- [TASK DESCRIPTION] Only the lines from the start of the data through the one containing "Cachorro ra a" belong in your answer; return them exactly.

-- -- --

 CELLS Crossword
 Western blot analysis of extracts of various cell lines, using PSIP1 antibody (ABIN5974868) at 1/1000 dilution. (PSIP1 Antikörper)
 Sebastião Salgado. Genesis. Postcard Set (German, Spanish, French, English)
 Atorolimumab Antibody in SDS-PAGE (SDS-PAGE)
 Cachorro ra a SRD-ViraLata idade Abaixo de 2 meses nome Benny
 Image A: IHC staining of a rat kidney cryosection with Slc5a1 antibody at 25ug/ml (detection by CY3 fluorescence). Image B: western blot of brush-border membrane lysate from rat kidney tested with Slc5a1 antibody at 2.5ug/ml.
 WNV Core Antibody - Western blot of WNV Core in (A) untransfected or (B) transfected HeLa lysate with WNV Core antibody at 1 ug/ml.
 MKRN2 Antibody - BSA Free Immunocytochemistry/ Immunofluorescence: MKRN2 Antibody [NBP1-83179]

-- -- --

- [EXPECTED ANSWER]
 CELLS Crossword
 Western blot analysis of extracts of various cell lines, using PSIP1 antibody (ABIN5974868) at 1/1000 dilution. (PSIP1 Antikörper)
 Sebastião Salgado. Genesis. Postcard Set (German, Spanish, French, English)
 Atorolimumab Antibody in SDS-PAGE (SDS-PAGE)
 Cachorro ra a SRD-ViraLata idade Abaixo de 2 meses nome Benny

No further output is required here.